Ökostrom-Eigenversorgung | Das Vestas-Rotorblattwerk Lauchhammer bezieht seinen Strom auf der physischen Ebene überwiegend von einem Biomethan-Kraftwerk auf dem eigenen Gelände und von einem nahen Windrad. Auf der wirtschaftlichen Ebene erweist sich das Strombezugs-Modell als deutlich schwieriger.

Stefan Schroeter Journalist in Leipzig www.stefanschroeter.com

An diesem Tag weht in Lauchhammer ein leicht böiger Wind. Die drei Rotorflügel des Windrads auf dem Schlackeberg am Vestas-Werk drehen sich mit einem gut vernehmbaren schwingenden Geräusch. Am Boden des 140 m hohen Turmes schließt Betriebsingenieur Steffen Kanefke die Tür zum Schaltraum auf und wirft einen Blick auf die Messinstrumente. Sie zeigen eine Windgeschwindigkeit, die zwischen 7 und 11 m/s schwankt. Das Windrad des Typs Vestas 112 setzt sie in eine entsprechend unstete Stromleistung um, die sich zwischen 2000 kW und 3000 kW bewegt.

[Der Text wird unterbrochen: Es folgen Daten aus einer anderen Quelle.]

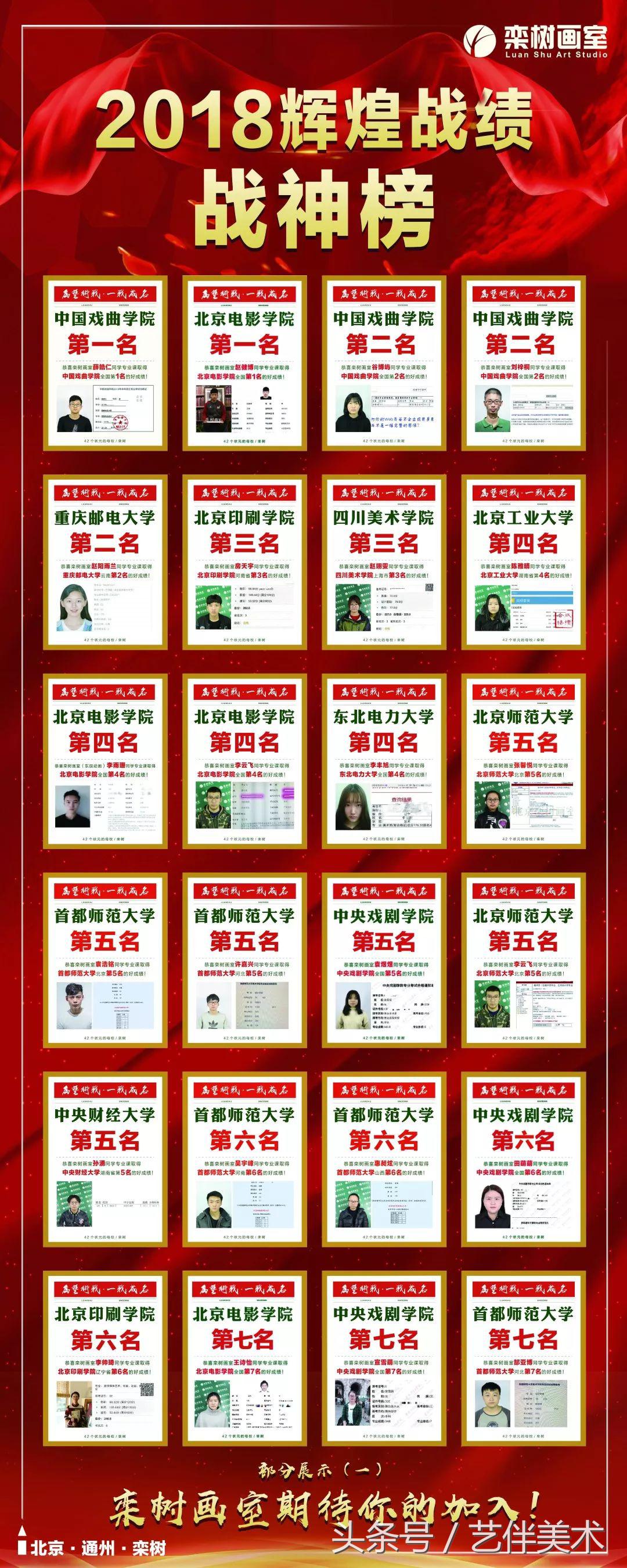 北京栾树画室基础教学,北京栾树画室坑人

Der vom Windrad erzeugte Strom wird in eine 300 m entfernte Leitung gespeist, die vom Umspannwerk des Netzbetreibers Mitnetz Strom zur Trafostation des Vestas-Rotorblattwerks führt. In diese Leitung speist auch ein Block-Heizkraftwerk mit 1200 kW Stromleistung ein, das sich auf dem Werksgelände befindet und Biomethan als Brennstoff nutzt. „Im Moment reicht der Strom aus dem Windrad und aus dem Block-Heizkraftwerk aus, um unser Werk zu versorgen“, erklärt Kanefke. Denn an diesem Tag im Mai liegt dort nur eine Last von 2500 kW an. Damit können Windrad und BHKW nicht nur das Werk versorgen, sondern sogar einen Strom-Überschuss ins Netz liefern. Selbst wenn die Rotorblatt-Produktion auf Hochtouren läuft und eine Höchstlast von 3400 kW erreicht wird, vermögen beide Kraftwerke dies an einem windigen Tag abzudecken. Bei zu wenig Wind kommt der fehlende Strom aus dem Umspannwerk.

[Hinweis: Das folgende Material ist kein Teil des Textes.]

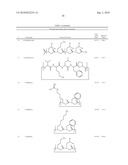 PEPTOID OLIGOMERS, PHARMACEUTICAL COMPOSITIONS AND METHODS OF USING THE SAME diagram and image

Der Vorteil dieses physischen Stromversorgungs-Modells liegt auf der Hand: Der Ökostrom aus dem Biomethan-BHKW und dem Windrad wird sehr nah am Stromverbraucher erzeugt, so dass kein teurer Netzausbau nötig war. Es mussten lediglich Anschlussleitungen von beiden Kraftwerken zum Strom-Übergabepunkt des Werks gelegt werden. Hinzu kommt, dass es mit dem Windrad eine sichtbare Verbindung zur eigenen Produktion gibt: Hier wurden die 55 m langen Rotorflügel hergestellt.
Beide Kraftwerke tragen zu einem weitgehend nachhaltigen physischen Strombezug des Werks bei. Während der umweltfreundliche Charakter beim Windstrom eindeutig ist, kommt er beim Strom aus dem Biomethan-BHKW über ein Zertifikate-Modell zustande. Hierbei produziert der BHKW-Betreiber Danpower im 40 km entfernten Lichtensee den Öko-Energieträger Biomethan und speist ihn dort ins Erdgasnetz ein. Für das BHKW am Vestas-Werk entnimmt Danpower dann wieder eine zertifizierte Methanmenge aus dem Erdgasnetz.

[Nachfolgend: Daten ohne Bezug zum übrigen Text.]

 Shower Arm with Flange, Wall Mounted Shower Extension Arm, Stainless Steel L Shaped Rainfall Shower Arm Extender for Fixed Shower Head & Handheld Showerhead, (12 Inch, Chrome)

Als deutlich schwieriger erweist sich das wirtschaftliche Modell, das mit dieser Stromversorgung verbunden ist. Denn das Windrad, das im vergangenen Mai in Betrieb gegangen war, wurde zwar von Vestas produziert, gehört dem dänischen Konzern aber nicht selbst. Die Eigentümer sind vielmehr mehrere aktuelle und frühere Mitarbeiter von Vestas Blades Deutschland um Geschäftsführer Frank Weise.
Wirtschaftlich betrachtet, speisen die Windrad-Betreiber den erzeugten Strom in das örtliche Stromnetz ein und erhalten dafür vom regionalen Netzbetreiber Mitnetz die Einspeisevergütung nach dem EEG. Ähnlich verhält es sich mit dem BHKW, das Danpower gehört. Der Betreiber verkauft den im BHKW aus Biomethan erzeugten Strom ebenfalls gegen die EEG-Einspeisevergütung an Mitnetz. Vestas wiederum kauft die im Werk benötigte Strommenge von jährlich 22 000 MWh beim regionalen Energieversorger Enviam und bei den Lübecker Stadtwerken ein.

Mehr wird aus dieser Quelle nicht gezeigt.